Monthly Archives: March 2017
Last night we had a new friend over for dinner. She is someone I met who is young (22) and a lesbian and that’s a bit all I need to know because I want nothing more than to be the old lesbians who have the house young lesbians hang out at. It’s pretty much my top life goal.
She was nice and it was the amount of awkward you’d expect. She nanny’s a 2.5 year old boy so wasn’t shocked by Gus’ antics at dinner and we enjoyed a few beers while Lesley put Gus to bed. It was there that it got more awkward.
As we were talking she mentioned wanting to have a baby. She wanted to have one soon because she is working to be a professional musician and the way that works it would make more sense for her to have a baby at a young age. She talked about what that would be like for her and how she really just wanted a girl so would likely have an abortion if she found out the fetus was a boy. She really wanted a donor who was a person of color but now that she will only have a girl she is rethinking that because she really just did not, under any circumstance, want a white boy.
These are the things she casually told me while my white son was feet away.

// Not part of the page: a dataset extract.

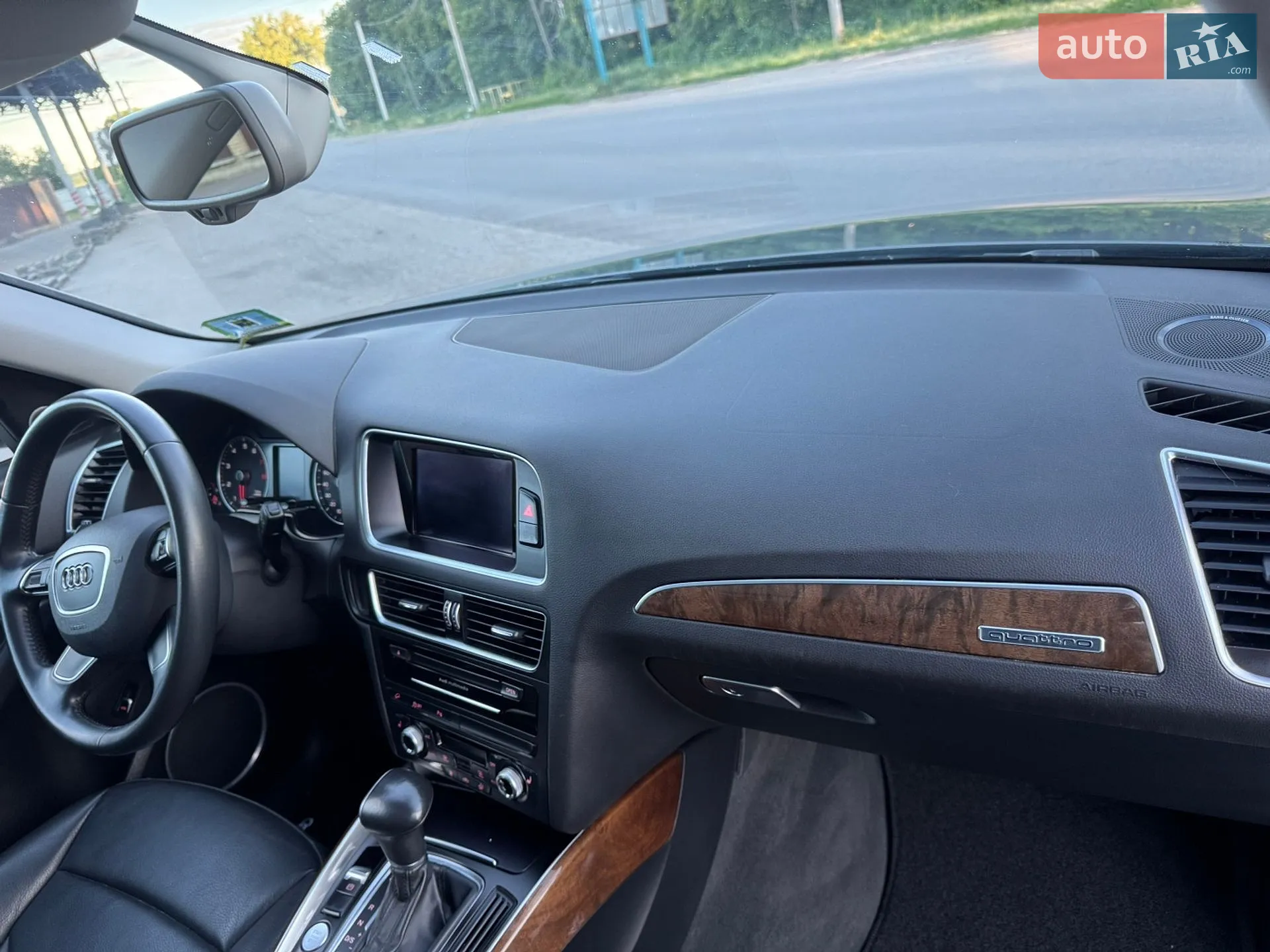 2016 Audi Q5 - мініатюра 60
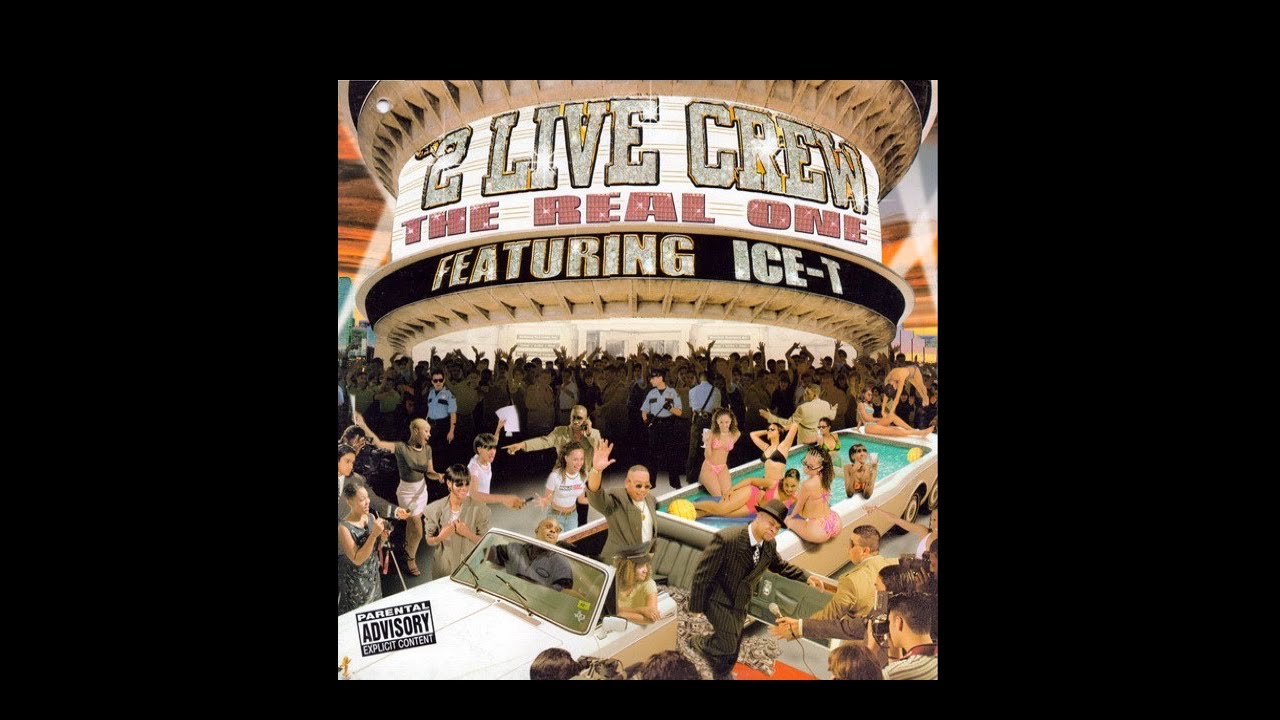 The 2 Live Crew (feat. Ice-T) - The Real One (Explicit Version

It was shocking and on the other hand not. I was a young lesbian feminist with a shaved head once too. I am sure that I said things along those lines at 22. I hope to whatever higher power might exist that I did not say them to parents but honestly, I might have. I replied by telling her that yes, it is complex. That I worry about raising a good man but I believe good men exist so I have faith that I can raise one. I told her that I came to peace with the fact that I thought two lesbians raising a boy was important work. I told her that boy vs. girl you have struggles either way – you worry about your child being a rapist or getting raped. Nothing about raising a child is easy.
This young woman was so young and so misguided. She also told me how the boy she nanny’s must be developmentally delayed because he is 2.5 and not yet potty trained. How he still nurses and that’s what is holding him back. Whole lot of NOPE NOPE NOPE on both of those. She’s so young. We were all better parents before we were parents.
In the end she is welcome back at my house. She doesn’t mean harm. But she does serve as a great reminder about why we waited so long to become parents. What being “ready” really looks like and how fortunate we were to have that time. There is so much about parenting and loving this boy that I would have never enjoyed at 22 – here’s hoping she waits until she can get the same joy out of her experience.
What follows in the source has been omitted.